▶ [Brief] Please reproduce the listing word for word. Pictures stay out.

▶ [Records for processing]
*****
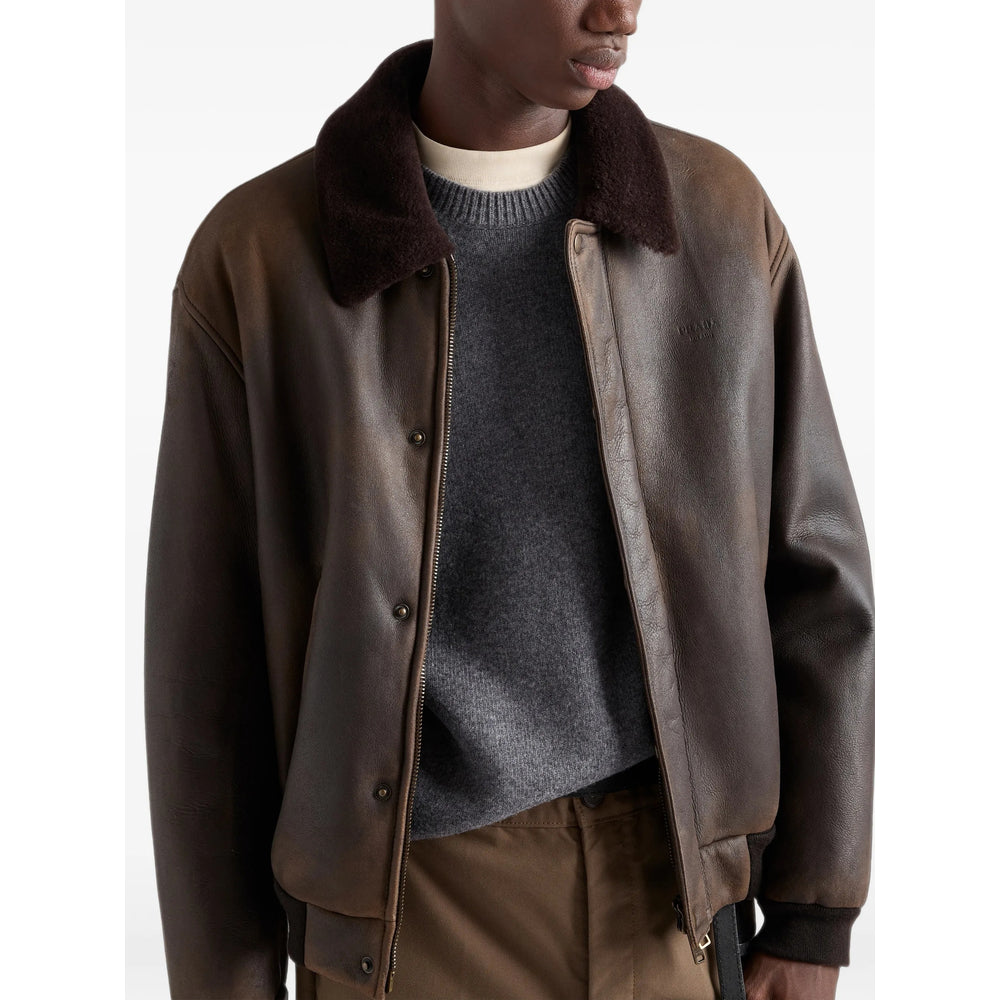 Prada Brown Jackets - Leather Jackets Men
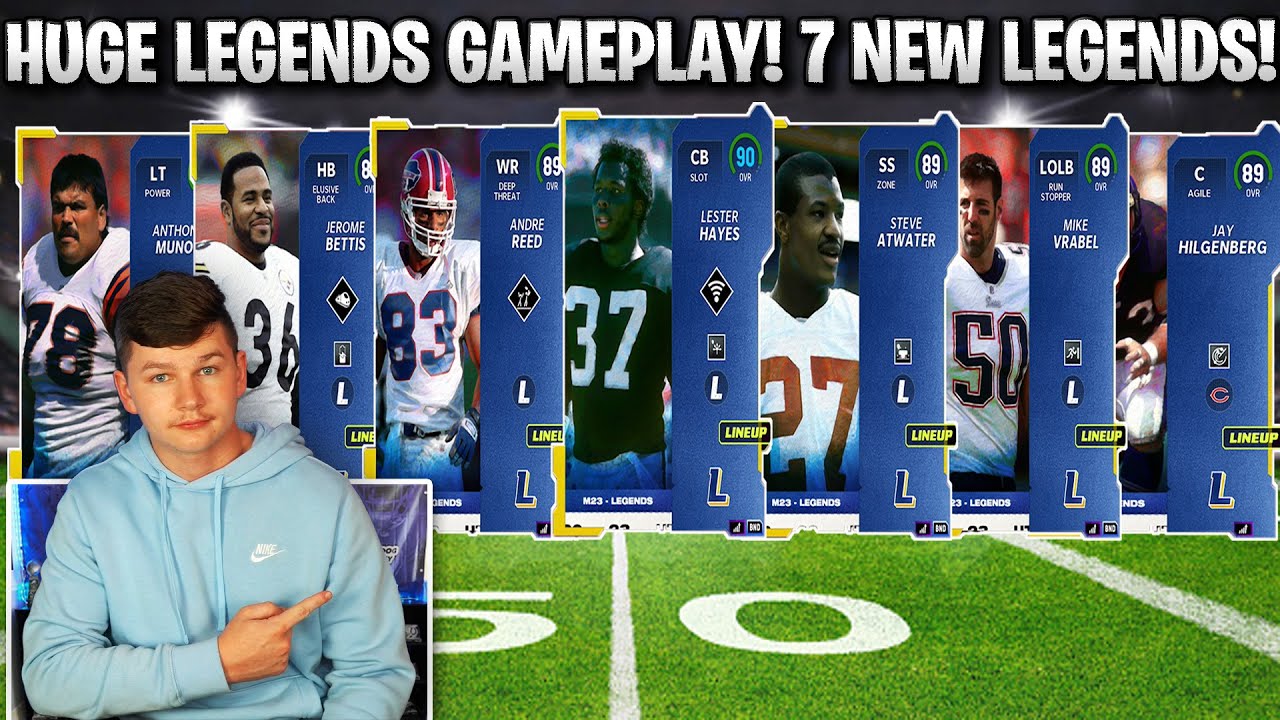 HUGE LEGENDS GAMEPLAY! LEGENDS BETTIS, HAYES, VRABEL, REED, ATWATER, AND MORE! | MADDEN 23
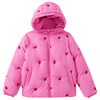 Mädchen Pufferjacke mit Erdbeer-Motiven pink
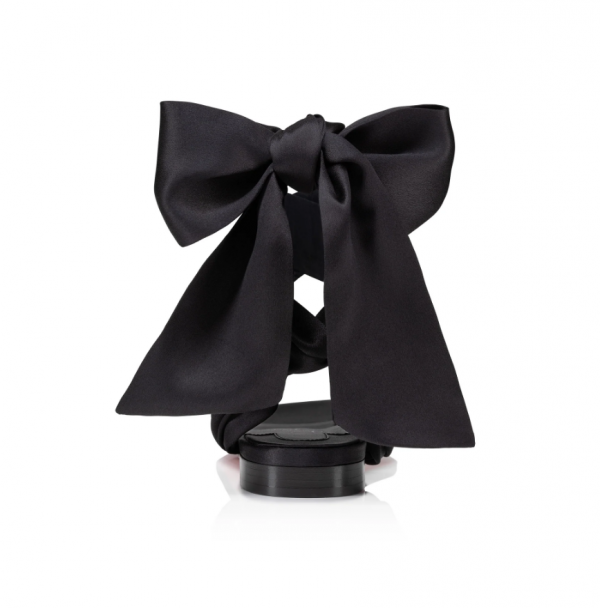 Christian Louboutin Just Queenie Du Desert Sandales Crêpe Satin Noir – Image 3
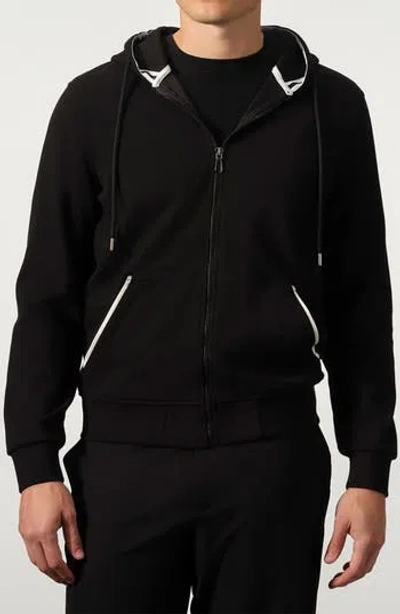 Studio Garnet Los Angeles Full Zip Hoodie In Black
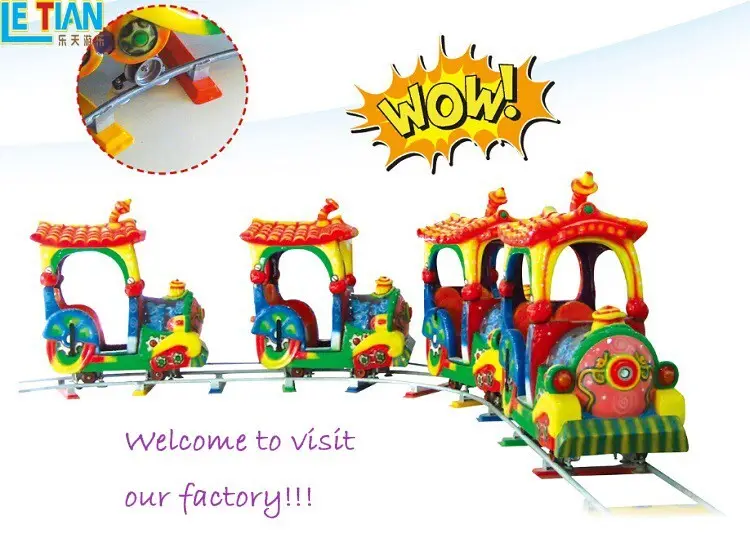 train amusement park trackless China children's palace 4
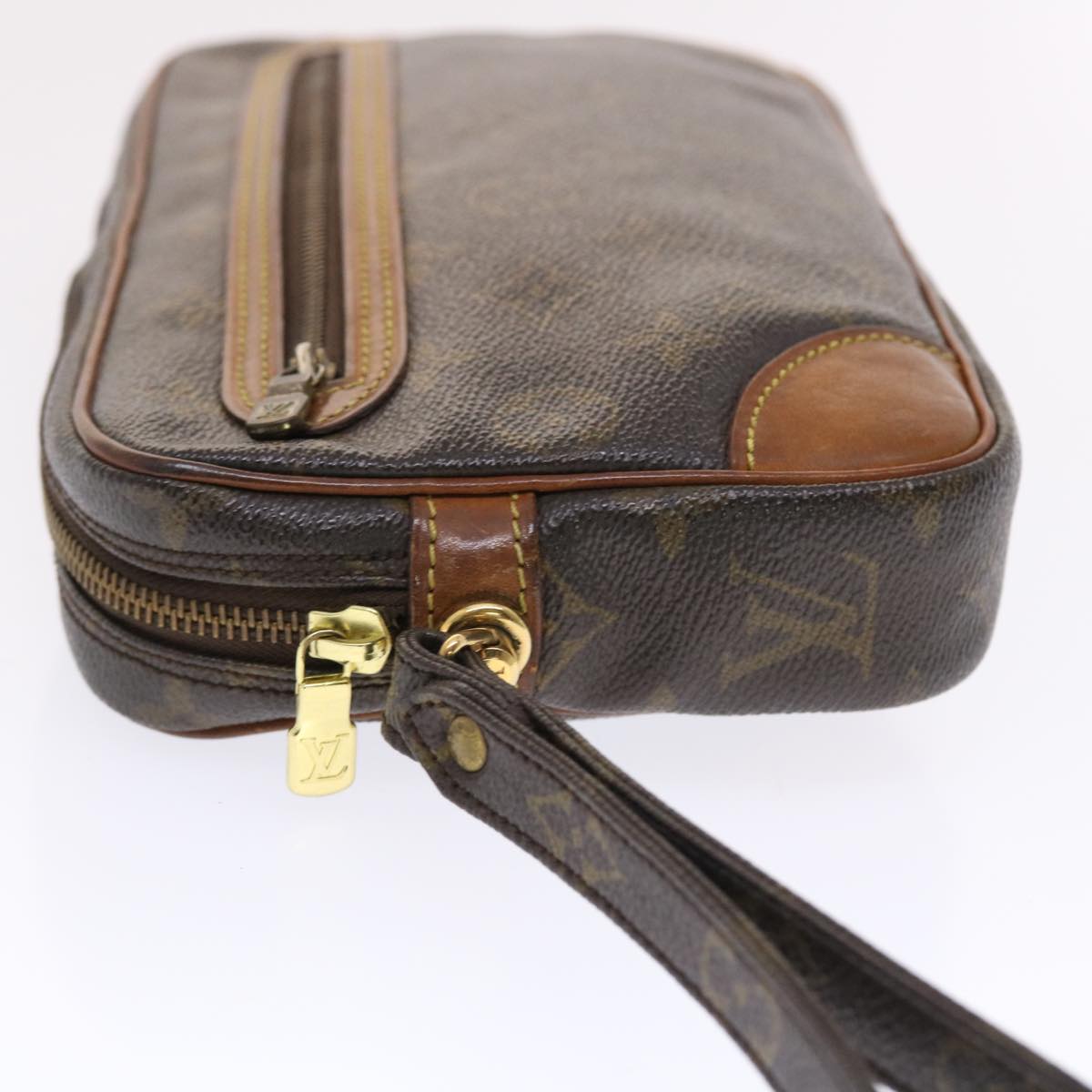 LOUIS VUITTON Monogram Marly Dragonne GM Clutch Bag LV Auth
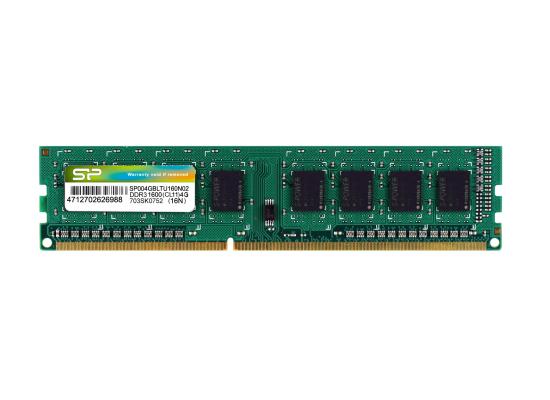 Silicon Power 4GB DDR3 UDIMM-1600 MHz For Desktop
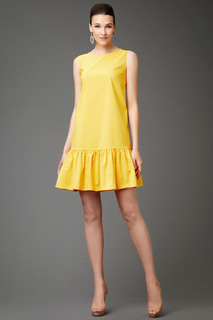Платье женское Арт-Деко P-830 желтое 42 RU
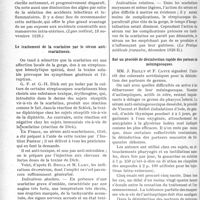 1203 - Page 1190 - Partie scientifique. L’Actualité Scientifique. La Presse. Note sur le traitement des métrites par l’aspiration cervico-utérine [(Lyon médical, 18 novembre 1928)] / Le traitement de la scarlatine par le sérum anti-scarlatineux [(La Pratique médicale française, décembre 1928-B)] / Sur un procédé de désinfection rapide des porteurs de méningocoques [(Paris médical 22 décembre 1928)]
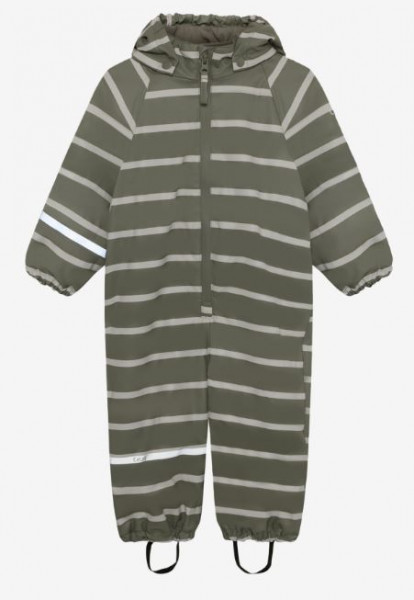 Regenoverall Fleece Moos/Streifen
*****
▶ [Task output]
 Prada Brown Jackets - Leather Jackets Men
 HUGE LEGENDS GAMEPLAY! LEGENDS BETTIS, HAYES, VRABEL, REED, ATWATER, AND MORE! | MADDEN 23
 Mädchen Pufferjacke mit Erdbeer-Motiven pink
 Christian Louboutin Just Queenie Du Desert Sandales Crêpe Satin Noir – Image 3
 Studio Garnet Los Angeles Full Zip Hoodie In Black
 train amusement park trackless China children's palace 4
 LOUIS VUITTON Monogram Marly Dragonne GM Clutch Bag LV Auth
 Silicon Power 4GB DDR3 UDIMM-1600 MHz For Desktop
Платье женское Арт-Деко P-830 желтое 42 RU
 1203 - Page 1190 - Partie scientifique. L’Actualité Scientifique. La Presse. Note sur le traitement des métrites par l’aspiration cervico-utérine [(Lyon médical, 18 novembre 1928)] / Le traitement de la scarlatine par le sérum anti-scarlatineux [(La Pratique médicale française, décembre 1928-B)] / Sur un procédé de désinfection rapide des porteurs de méningocoques [(Paris médical 22 décembre 1928)]
 Regenoverall Fleece Moos/Streifen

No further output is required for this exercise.